Heightened anxiety and depression were the most common mental health symptoms, according to the charities – trends that are likely to be mirrored all across the country. Children with eating disorders were also being helped by two in five of the charities, while three in twenty charities had encountered youngsters misusing drugs. A similar figure had dealt with youngsters misusing alcohol.
The report concludes that as lockdown eases vulnerable children will be the most in need of ‘safe spaces’.
Dr Tamsin Newlove-Delgado, an honorary consultant at Public Health England, said: ‘The impact of the pandemic response on the mental health and wellbeing of the most disadvantaged children and families has been a major concern.
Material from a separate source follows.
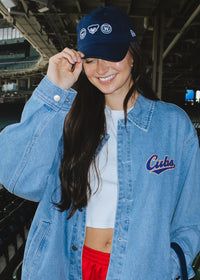 Chicago Cubs Bears Dad Hat - Navy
‘Even with an easing of restrictions, there is still a lack of social interaction and in-person play time affecting children and young people’s health and wellbeing. These findings demonstrate the need for a recovery approach which addresses pre-existing inequalities and offers safe spaces, support and restorative play and activities for those most in need.’
The Childhood Trust is launching its £4million Champions for Children campaign on Tuesday, and will fund a record breaking, 111 children’s charities across London to engage over 150,000 children.